Pourtant, ailleurs, votre esprit semble se mouvoir sans effort. Vous pouvez envisager certaines caractéristiques des sociétés humaines. Vous pouvez, par exemple, concevoir l’altruisme limité des hommes par opposition à l’attitude entièrement désintéressée des saints. Il vous apparaît aussi que les intérêts varient d’une personne à l’autre, tout comme diffère la représentation que chacune se forme de l’intérêt des autres. Enfin, vous avez conscience de la rareté modérée des ressources terrestres, qui pose constamment la question des normes selon lesquelles ces ressources sont possédées et réparties.

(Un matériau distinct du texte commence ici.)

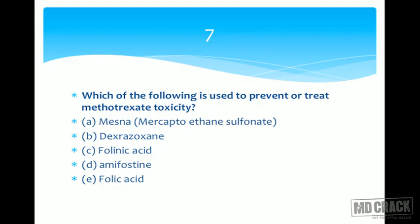Since methotrexate blocks the step converting folic acid to folinic acid, giving folic acid would still be blocked; it is better to bypass that step and give folinic acid directly. The answer is folinic acid, also known as leucovorin or citrovorum factor. Using folinic acid to rescue patients from methotrexate toxicity is called folinic acid rescue or leucovorin rescue.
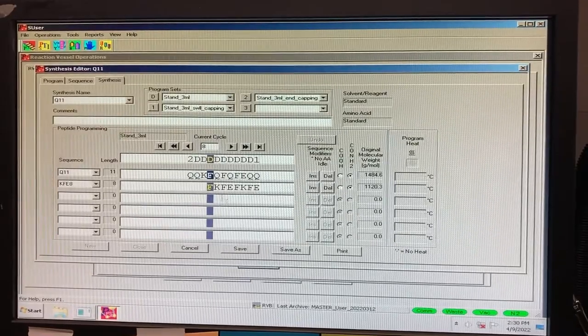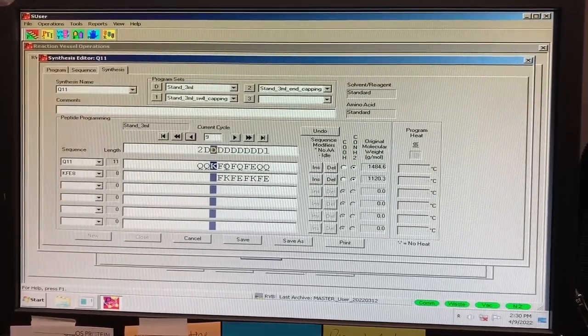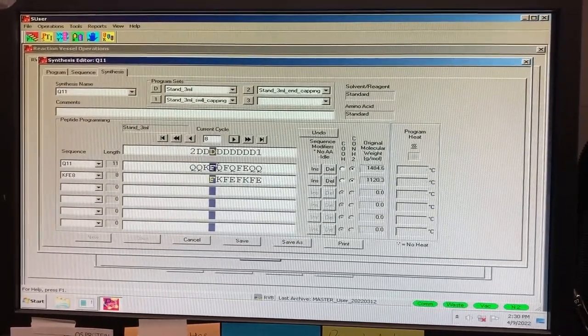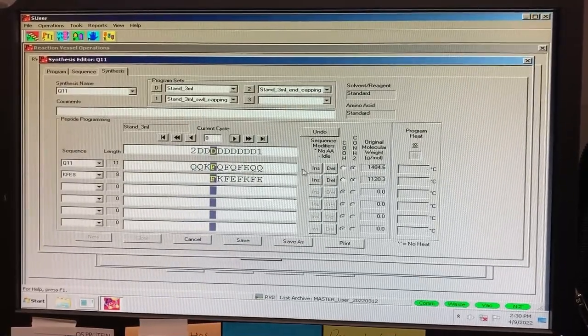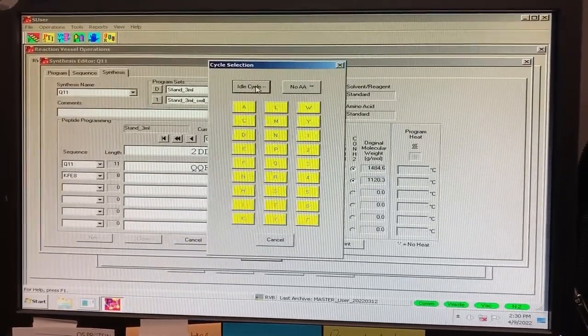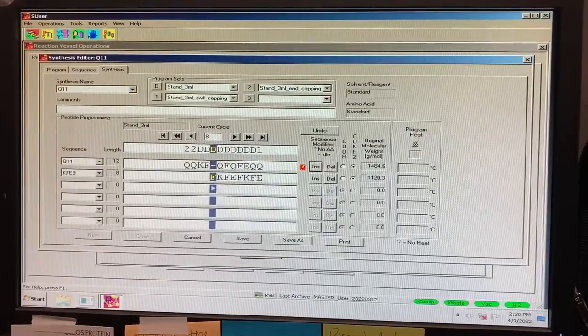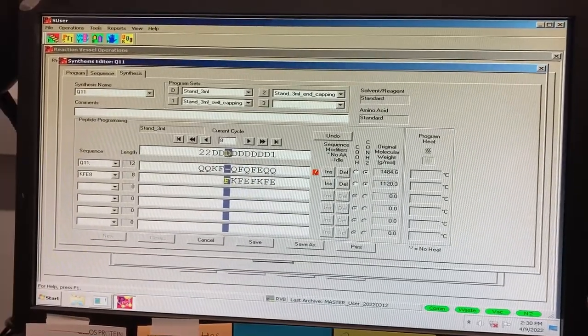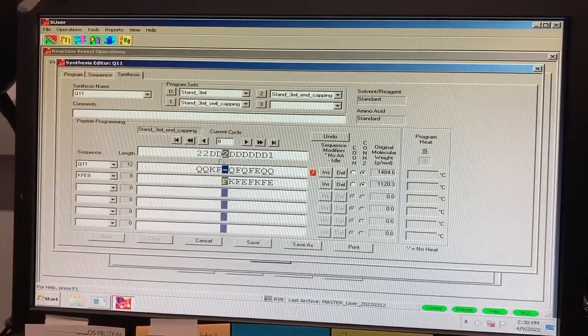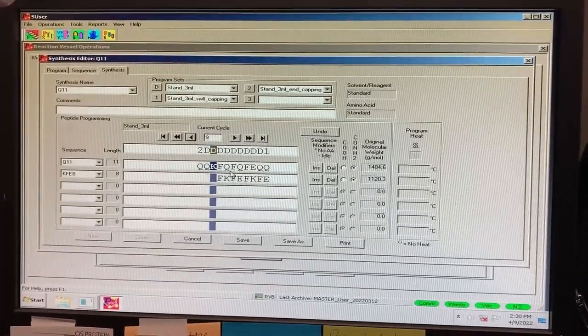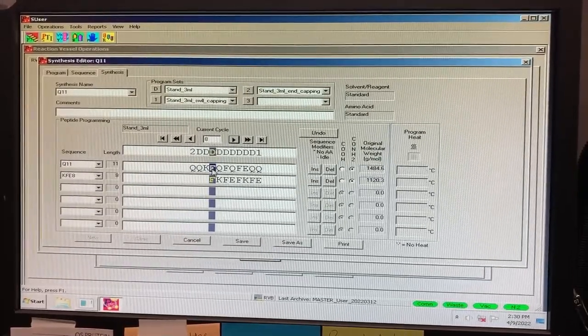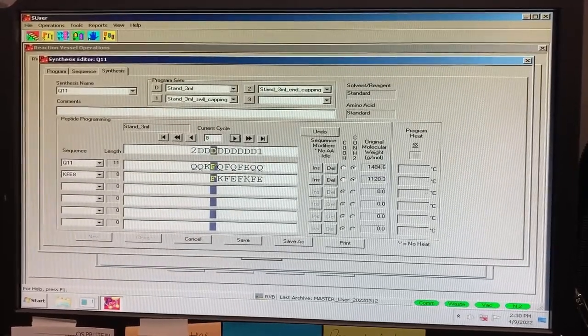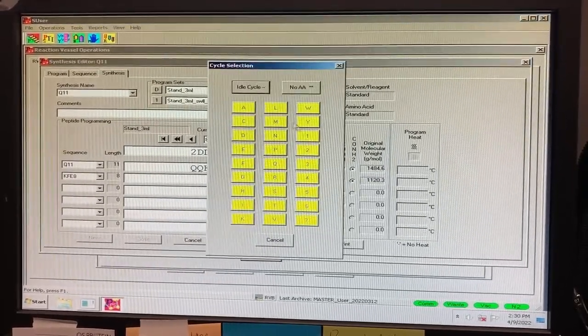when a shorter peptide is undergoing the end capping step, you don't want the longer peptide to be capped. You would then input an idle cycle into the longer peptide sequence, so that the capping reagents aren't directed into that vessel. You can input an idle cycle by selecting Insert, then Idle Cycle. If this option is not available, make sure that you are logged in.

Une voix vous parvient alors, qui vous dit : « Prenez votre temps et réfléchissez bien. Lorsque vous sortirez des limbes dans lesquels vous êtes à présent, vous allez vivre toute une vie dans la société dont vous aurez vous-même choisi les principes politiques essentiels. Vous ne pourrez, par contre, pas choisir votre place dans cette société. Il est donc dans votre propre intérêt de bien envisager les conséquences de l’adoption des normes fondamentales que vous allez énoncer, pour chacune des personnes de cette société. Vous serez en effet l’une d’entre elles, n’importe laquelle d’entre elles ».
Véronique Munoz-Dardé, La justice sociale, p. 70.